Dal punto di vista formale si potrebbe dire che Nuages è in forma tripartita ABA’, ma l’episodio B non ha alcuna funzione di contrasto dialettico con il precedente: sebbene l’indicazione passi da Moderato a Un poco animato, l’andamento rimane sostanzialmente lo stesso così come le figurazioni ritmiche; allo stesso modo la ricomparsa del tema del corno inglese alla fine della sezione B non produce l’effetto di una ripresa, troppo breve e frammentata (si osservi la lunghezza della sezione A, di 63 misure, a confronto con A’, di 22), ma semplicemente il ripresentarsi di quella precisa suggestione della quale quel tema si è fatto portatore (in questo aspetto si può cogliere forse la lezione wagneriana del Leitmotiv, che sarà ben più ampiamente adottato nell’opera dello stesso periodo Pélleas et Mèlisande). La struttura di Nuages allude dunque ad una successione di immagini, sensazioni, avvenimenti notturni e si articola attraverso una giustapposizione che imita il fluire del tempo naturale più che una rigida e schematica dialettica romantica. Lo stesso avviene del resto con gli altri temi rintracciabili: il frammento affidato agli oboi della m.2 così come lo spunto della battuta 62 restano irrisolti, in una scrittura quasi atomistica, salvo poi ricomparire a sorpresa come sfondo ad altre “suggestioni” tematiche.

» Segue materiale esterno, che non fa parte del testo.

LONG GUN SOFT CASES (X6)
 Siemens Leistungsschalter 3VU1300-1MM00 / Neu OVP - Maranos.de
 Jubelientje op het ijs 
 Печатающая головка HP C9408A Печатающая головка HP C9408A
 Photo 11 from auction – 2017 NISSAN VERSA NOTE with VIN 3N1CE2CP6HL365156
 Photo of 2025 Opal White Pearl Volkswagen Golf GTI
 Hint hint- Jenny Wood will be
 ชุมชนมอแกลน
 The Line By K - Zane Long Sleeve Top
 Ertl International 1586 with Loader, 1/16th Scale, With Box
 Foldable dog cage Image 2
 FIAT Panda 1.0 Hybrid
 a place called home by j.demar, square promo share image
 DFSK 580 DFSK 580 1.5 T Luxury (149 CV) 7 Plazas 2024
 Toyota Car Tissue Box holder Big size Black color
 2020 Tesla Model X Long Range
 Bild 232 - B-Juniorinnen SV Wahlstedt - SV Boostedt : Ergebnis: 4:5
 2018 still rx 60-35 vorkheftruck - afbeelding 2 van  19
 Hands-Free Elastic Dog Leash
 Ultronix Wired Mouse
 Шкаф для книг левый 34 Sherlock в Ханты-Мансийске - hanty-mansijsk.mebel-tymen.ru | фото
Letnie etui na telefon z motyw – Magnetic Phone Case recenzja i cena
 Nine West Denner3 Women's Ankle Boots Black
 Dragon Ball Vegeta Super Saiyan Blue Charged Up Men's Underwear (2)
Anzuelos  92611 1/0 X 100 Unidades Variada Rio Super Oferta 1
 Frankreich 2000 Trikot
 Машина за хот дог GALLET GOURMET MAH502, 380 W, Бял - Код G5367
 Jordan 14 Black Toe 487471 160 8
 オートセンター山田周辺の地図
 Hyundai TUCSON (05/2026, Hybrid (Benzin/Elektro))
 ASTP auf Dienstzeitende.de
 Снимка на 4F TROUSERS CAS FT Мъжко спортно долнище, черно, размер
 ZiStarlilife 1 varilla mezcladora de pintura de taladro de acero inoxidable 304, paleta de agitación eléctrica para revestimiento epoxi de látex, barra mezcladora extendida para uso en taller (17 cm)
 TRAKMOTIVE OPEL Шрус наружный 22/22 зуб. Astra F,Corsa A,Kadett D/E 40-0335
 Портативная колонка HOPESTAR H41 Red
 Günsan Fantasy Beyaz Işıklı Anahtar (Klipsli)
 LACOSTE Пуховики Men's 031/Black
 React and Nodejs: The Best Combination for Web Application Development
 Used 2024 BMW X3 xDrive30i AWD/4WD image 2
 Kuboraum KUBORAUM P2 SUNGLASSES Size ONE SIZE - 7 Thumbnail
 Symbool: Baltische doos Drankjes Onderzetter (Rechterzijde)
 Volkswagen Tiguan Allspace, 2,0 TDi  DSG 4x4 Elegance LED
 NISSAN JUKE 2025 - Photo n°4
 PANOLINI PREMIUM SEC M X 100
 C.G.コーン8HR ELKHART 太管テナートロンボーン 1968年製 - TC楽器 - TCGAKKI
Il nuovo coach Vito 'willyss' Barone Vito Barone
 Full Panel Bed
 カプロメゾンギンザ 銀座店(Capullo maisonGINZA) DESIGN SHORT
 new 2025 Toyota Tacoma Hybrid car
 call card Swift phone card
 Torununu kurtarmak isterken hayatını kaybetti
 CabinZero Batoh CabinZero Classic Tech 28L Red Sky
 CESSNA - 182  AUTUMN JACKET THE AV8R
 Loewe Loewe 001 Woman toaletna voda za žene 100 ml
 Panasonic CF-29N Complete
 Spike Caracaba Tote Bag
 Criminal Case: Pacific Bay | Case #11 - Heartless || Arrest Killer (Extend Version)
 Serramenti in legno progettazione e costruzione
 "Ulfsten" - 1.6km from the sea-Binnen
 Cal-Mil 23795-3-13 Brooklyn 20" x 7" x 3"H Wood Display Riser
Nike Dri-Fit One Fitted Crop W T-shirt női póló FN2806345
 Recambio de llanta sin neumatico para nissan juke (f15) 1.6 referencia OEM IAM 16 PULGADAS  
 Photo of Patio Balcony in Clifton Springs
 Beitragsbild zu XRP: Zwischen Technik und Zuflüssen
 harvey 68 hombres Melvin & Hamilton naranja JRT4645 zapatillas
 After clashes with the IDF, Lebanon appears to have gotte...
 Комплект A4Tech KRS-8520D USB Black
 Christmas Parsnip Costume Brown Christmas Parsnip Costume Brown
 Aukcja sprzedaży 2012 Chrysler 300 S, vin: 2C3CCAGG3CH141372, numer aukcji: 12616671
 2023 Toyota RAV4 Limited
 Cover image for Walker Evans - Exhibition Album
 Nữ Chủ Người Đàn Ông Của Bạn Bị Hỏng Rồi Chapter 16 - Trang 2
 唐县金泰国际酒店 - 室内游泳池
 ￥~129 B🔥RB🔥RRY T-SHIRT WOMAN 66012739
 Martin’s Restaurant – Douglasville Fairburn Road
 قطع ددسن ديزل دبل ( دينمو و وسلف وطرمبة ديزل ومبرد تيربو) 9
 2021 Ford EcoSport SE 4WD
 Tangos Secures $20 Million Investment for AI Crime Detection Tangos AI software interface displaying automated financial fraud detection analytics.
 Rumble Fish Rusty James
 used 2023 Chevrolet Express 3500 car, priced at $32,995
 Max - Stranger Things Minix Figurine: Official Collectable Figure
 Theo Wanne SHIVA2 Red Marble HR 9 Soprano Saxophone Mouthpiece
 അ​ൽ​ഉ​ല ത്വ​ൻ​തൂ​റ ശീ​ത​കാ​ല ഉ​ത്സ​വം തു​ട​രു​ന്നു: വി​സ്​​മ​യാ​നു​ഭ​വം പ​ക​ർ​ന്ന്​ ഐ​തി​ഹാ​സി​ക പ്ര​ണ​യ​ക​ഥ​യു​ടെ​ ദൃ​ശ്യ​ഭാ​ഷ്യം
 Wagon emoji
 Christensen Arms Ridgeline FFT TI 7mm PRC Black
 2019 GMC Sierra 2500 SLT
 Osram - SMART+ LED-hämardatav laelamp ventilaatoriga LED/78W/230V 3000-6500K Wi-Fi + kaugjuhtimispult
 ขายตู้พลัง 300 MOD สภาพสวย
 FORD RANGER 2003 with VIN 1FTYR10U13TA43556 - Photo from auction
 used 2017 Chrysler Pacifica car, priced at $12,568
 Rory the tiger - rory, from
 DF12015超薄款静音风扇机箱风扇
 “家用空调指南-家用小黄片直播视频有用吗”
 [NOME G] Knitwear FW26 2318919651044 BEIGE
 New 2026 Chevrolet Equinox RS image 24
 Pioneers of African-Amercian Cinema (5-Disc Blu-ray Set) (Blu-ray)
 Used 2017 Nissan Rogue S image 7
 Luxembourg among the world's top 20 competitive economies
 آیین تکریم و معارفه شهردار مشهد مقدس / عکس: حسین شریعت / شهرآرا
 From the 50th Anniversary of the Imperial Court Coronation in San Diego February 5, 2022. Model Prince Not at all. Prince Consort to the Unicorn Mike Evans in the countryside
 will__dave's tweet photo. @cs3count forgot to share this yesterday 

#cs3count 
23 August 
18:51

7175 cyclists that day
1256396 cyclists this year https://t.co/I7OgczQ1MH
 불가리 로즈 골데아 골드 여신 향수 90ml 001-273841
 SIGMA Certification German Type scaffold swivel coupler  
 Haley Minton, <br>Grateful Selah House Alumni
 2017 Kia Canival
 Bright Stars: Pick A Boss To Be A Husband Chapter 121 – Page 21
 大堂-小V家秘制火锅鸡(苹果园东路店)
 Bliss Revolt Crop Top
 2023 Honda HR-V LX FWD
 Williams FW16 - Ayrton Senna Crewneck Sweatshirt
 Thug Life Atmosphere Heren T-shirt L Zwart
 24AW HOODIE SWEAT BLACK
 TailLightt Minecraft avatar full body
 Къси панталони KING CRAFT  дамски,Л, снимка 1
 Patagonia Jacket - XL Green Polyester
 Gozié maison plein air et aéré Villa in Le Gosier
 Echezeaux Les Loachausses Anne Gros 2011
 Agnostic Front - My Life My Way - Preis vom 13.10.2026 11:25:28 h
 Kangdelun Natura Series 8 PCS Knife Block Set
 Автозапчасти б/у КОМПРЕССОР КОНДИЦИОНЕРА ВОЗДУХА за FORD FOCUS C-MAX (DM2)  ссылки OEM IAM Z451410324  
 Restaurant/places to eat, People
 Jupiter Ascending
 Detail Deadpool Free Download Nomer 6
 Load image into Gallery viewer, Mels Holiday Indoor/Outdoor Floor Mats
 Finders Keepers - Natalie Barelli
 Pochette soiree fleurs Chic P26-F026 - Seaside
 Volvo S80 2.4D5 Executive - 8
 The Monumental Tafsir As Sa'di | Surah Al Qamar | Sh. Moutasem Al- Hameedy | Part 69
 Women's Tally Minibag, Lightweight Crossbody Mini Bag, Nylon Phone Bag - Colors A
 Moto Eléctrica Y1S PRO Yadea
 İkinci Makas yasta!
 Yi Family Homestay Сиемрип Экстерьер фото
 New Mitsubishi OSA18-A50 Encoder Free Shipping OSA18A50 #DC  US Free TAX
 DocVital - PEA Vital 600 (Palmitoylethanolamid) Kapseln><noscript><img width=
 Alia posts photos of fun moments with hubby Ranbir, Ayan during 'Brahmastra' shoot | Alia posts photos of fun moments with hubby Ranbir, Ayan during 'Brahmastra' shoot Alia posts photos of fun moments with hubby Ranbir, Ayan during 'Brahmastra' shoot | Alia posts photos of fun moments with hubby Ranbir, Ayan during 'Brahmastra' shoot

Da un punto di vista armonico notiamo aree in grande contrasto fra loro: se per molte misure l’armonia rimane ferma (mm. 21-30 Sol Maggiore, mm. 43-56, Mi Maggiore, mm. 80-95 nuovamente Mi Maggiore), in tutte le altre il cambiamento è repentino attraverso microcellule (di massimo 4 battute) che mettono in discussione la stabilità sonora dei lunghi passaggi su un solo accordo. Se quindi il superamento del sistema tonale è un fatto acquisito già con Wagner, il cui cromatismo apriva all’infinito le possibilità dei percorsi armonici, con Debussy l’armonia diventa evanescente, funzionale all’effetto coloristico e timbrico, entra ed esce dal sistema tonale, passando ora per il cromatismo (come ad esempio l’incipit di clarinetti e fagotti) ora per i vari sistemi modali (come quello pentafonico utilizzato per la frase di flauto e arpa della sezione B).
Nelle misure 42-56 si può forse rintracciare l’influenza del gamelang giavanese che Debussy ebbe il piacere di ascoltare dal vivo nell’esposizione universale del 1899, come apprendiamo da Guido Salvetti: la presenza di un basso lunghissimo allude ai rintocchi del bonang ageng (un grande gong), l’oscillazione su due note degli archi evoca il rebab (specie di violino a due corde appunto), i pizzicati degli archi corrispondono ai gambang o ai saron-baroug (antenati di marimba e vibrafono), l’uso infine delle scale slendro e pelong (rispettivamente di sette e cinque suoni) è un chiarissimo riferimento alla musica di Java. Questa scelta testimonia l’esotismo che stimolò Debussy e tutta la sua generazione, non più in un senso ornamentale come avveniva in passato (lo straniero era spesso rappresentato in modo fortemente stereotipato quando non addirittura caricaturale e dispregiativo), ma nel senso più profondo dell’assimilazione di un linguaggio che fosse altro dalla cultura Occidentale. La nascente globalizzazione, se da un lato aveva portato alla sprezzante autocelebrazione dell’ asse Europa-America, dall’altro aveva già stimolato le anime più nobili ad un sano cosmopolitismo, ad un sincretismo di linguaggi che ha permesso alla musica “Occidentale” di trovare nuova linfa ed evolversi dopo la fine del sistema tonale.